§ **EXERCISE BRIEF**: If a record contains a picture, leave the picture out and transcribe everything else exactly.

Top of AVAILABLE DATA

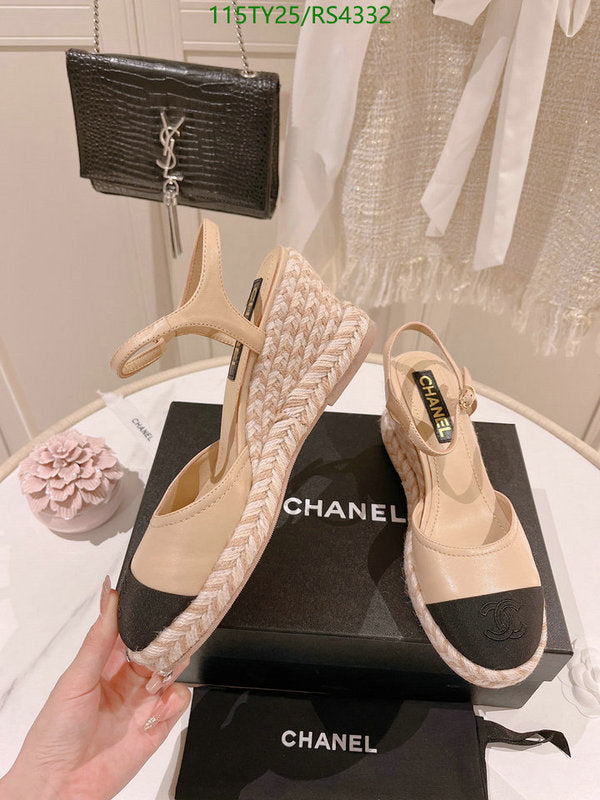 SAMC - CHL Women Shoes High Heels - 169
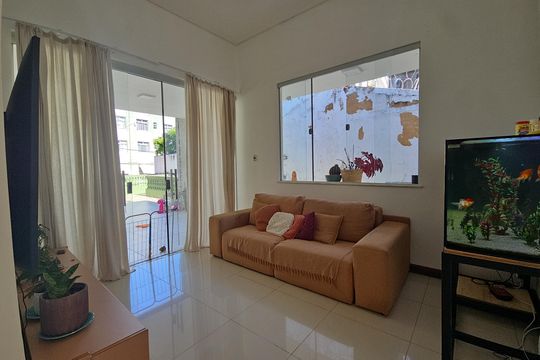 sala de casa para alugar com 3 quartos, 300m² em Rio Vermelho, Salvador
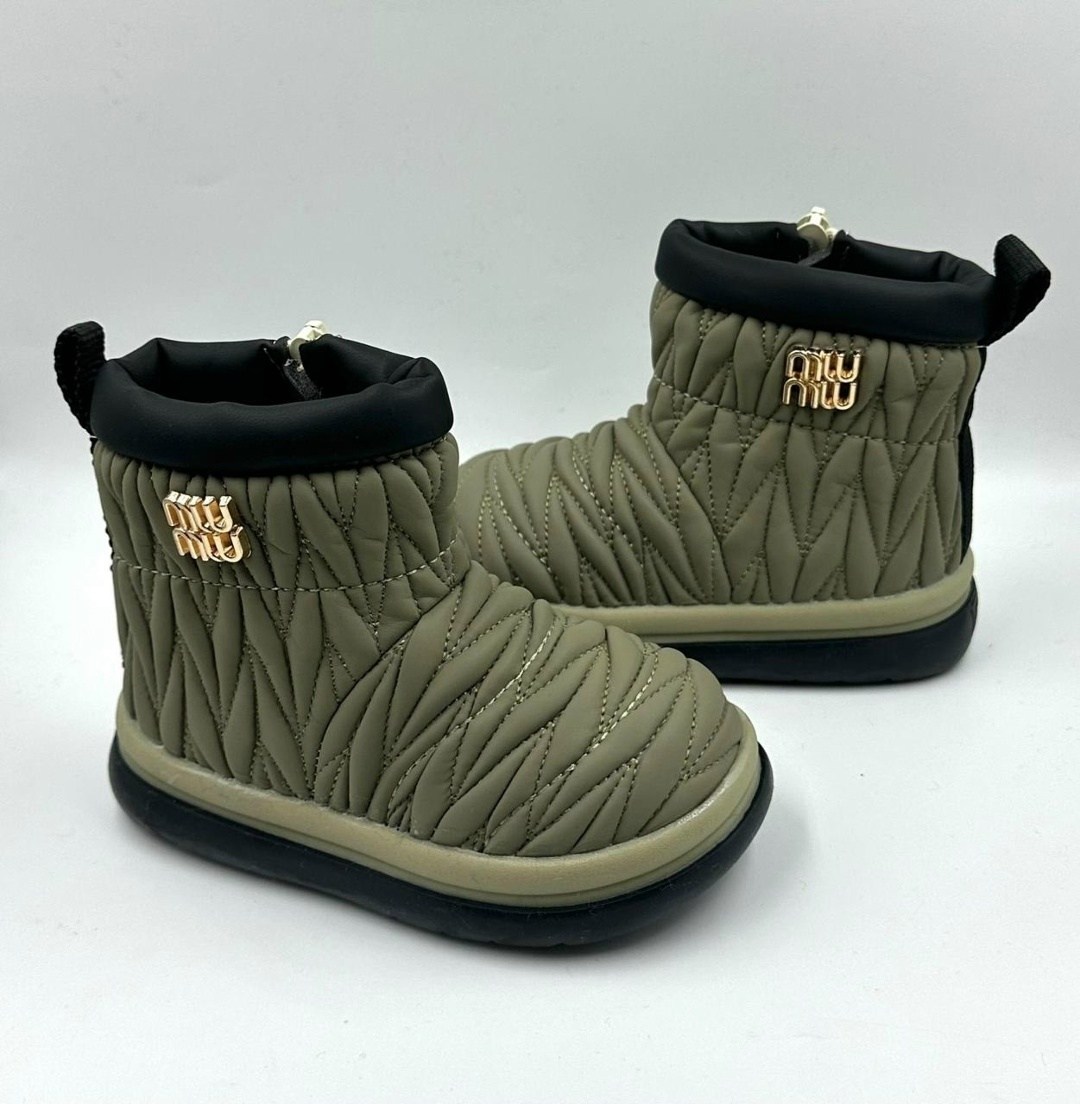 ,дутики,угги дутики miu miu, дутики,детские дутики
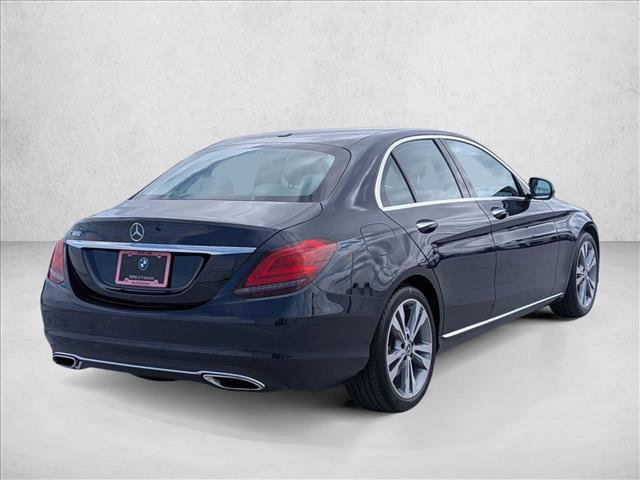 Used 2019 Mercedes-Benz C 300 Sedan image 5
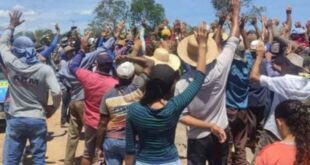 Conflitos fundiários coletivos no Acre passam a ser mapeados pela Justiça Federal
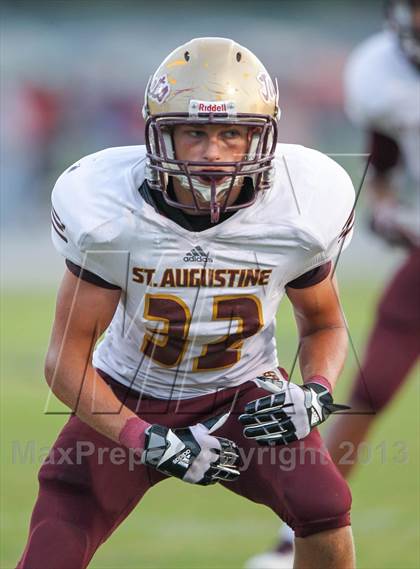 Thumbnail 3 in St. Augustine @ Ridgeview photogallery.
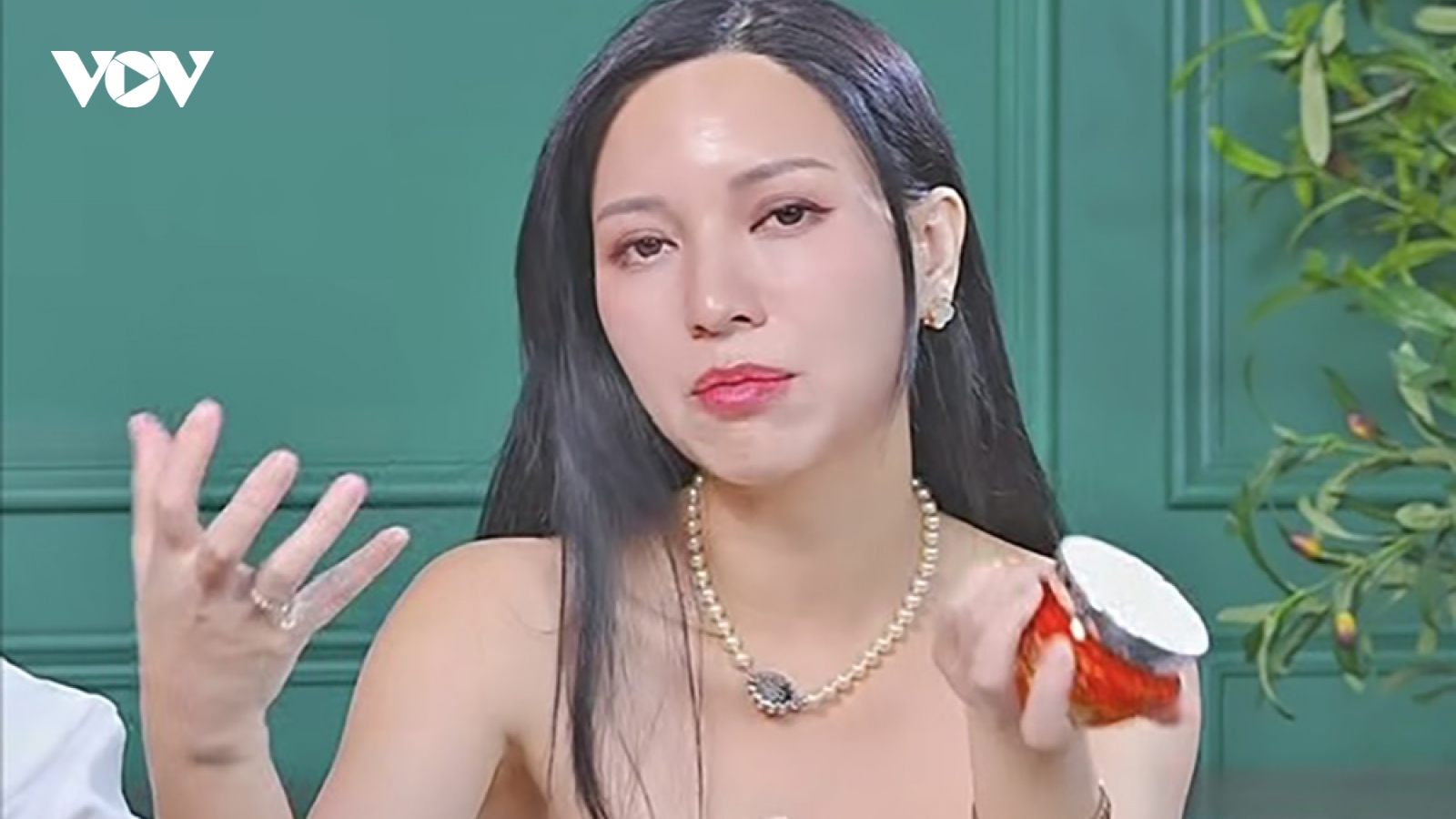 Mua hàng tại HannahOlala, ai chịu trách nhiệm khi lộ dữ liệu khách hàng?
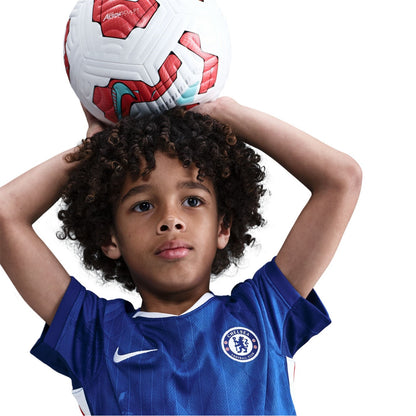 Chelsea Home Minikit 2025 2026 Infants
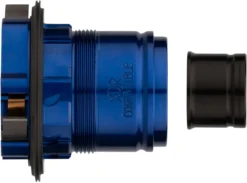 Tune Umrüstkit Mit Freilaufkörper Standard Für X-12 Steckachse 18 Tune Umrüstkit Mit Freilaufkörper Standard Für X-12 Steckachse -Rad Zentrum Geschaft 493887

Bottom of AVAILABLE DATA

§ **WRITTEN SOLUTION**:
 SAMC - CHL Women Shoes High Heels - 169
 sala de casa para alugar com 3 quartos, 300m² em Rio Vermelho, Salvador
 ,дутики,угги дутики miu miu, дутики,детские дутики
 Used 2019 Mercedes-Benz C 300 Sedan image 5
 Conflitos fundiários coletivos no Acre passam a ser mapeados pela Justiça Federal
 Thumbnail 3 in St. Augustine @ Ridgeview photogallery.
 Mua hàng tại HannahOlala, ai chịu trách nhiệm khi lộ dữ liệu khách hàng?
 Chelsea Home Minikit 2025 2026 Infants
 Tune Umrüstkit Mit Freilaufkörper Standard Für X-12 Steckachse 18 Tune Umrüstkit Mit Freilaufkörper Standard Für X-12 Steckachse -Rad Zentrum Geschaft 493887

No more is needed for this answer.